Vincenzo kicked him again, this time out of spite more than anything else, and the Rasta responded with a satisfying yelp. Vincenzo stepped over him cautiously, Glock in hand, ready to use it if he needed to. His heart was still hammering in his chest, and he could hear the roar of blood in his ears. He was almost too afraid to move, but he knew he needed to get the hell away from the Rasta before any of his friends showed up looking for him. Not only that, he’d been extremely lucky. He’d gotten the drop on the bigger man purely by chance, not by design. Vincenzo had been in about three fights in his life, including this one, and he hardly had a wealth of experience to draw upon. It could have gone sideways very quickly, and it wasn’t like he’d gotten out of it unscathed. His left hand was hurting like hell, but he didn’t take the time to inspect it. He could still wiggle the fingers, so nothing was broken, but it would likely be one big bruise before he made it to the GWB.
He crept away from the Rastafarian, who did as instructed and remained on the ground, leaking blood and moaning slightly between split lips. Vincenzo kept the Glock in his right hand as he scuttled away, trying to look everywhere at once. As soon as he felt it was safe, he turned his back on the Rasta and started running to the north. His pack slewed from side to side on his back, and he realized he was probably making a scene by running through the dead traffic while holding a pistol. Just the same, he kept it up until he had put a good five hundred feet between him and his fallen opponent. Chest heaving, he drew to a halt and leaned against a plumbing van. Another visual sweep of the area revealed no one nearby, but those in sight regarded him with cautious eyes. Vincenzo didn’t make eye contact with anyone, just took an inventory of who was where. Right now, everyone could be an enemy, from a street gang to a gaggle of housewives pushing baby strollers… and there was no shortage of either.

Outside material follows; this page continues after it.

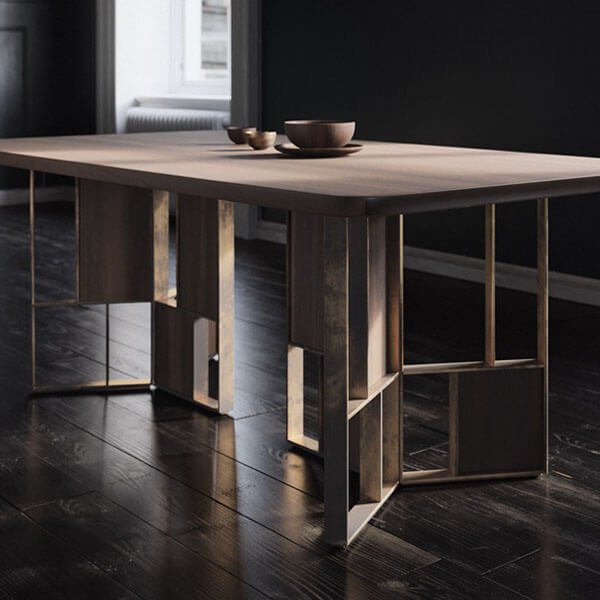 deco dining table with metal base and enriched with wooden elements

He looked down at the Glock. It was a model 19, which Vincenzo had fired before. It looked a bit old, but when he handled it a bit, he decided it was operational. He double checked the second magazine he had lifted off the Rasta, and as far as he could tell, it was in fine shape. The pistol used the same ammunition as he carried for his Beretta, so at least he now had a backup piece.
He looked south, and saw that three other people were making their way toward the Rastafarian he had beaten down. The man was on his feet, leaning against the concrete Jersey barrier, a hand held to his face as he tried to stanch the flow of blood from his nose. The three newcomers were blacks as well, and they wore the brightly colored knit hats Rastas favored. Vincenzo decided that it was time to put some more distance between them, so he turned to the north and set off.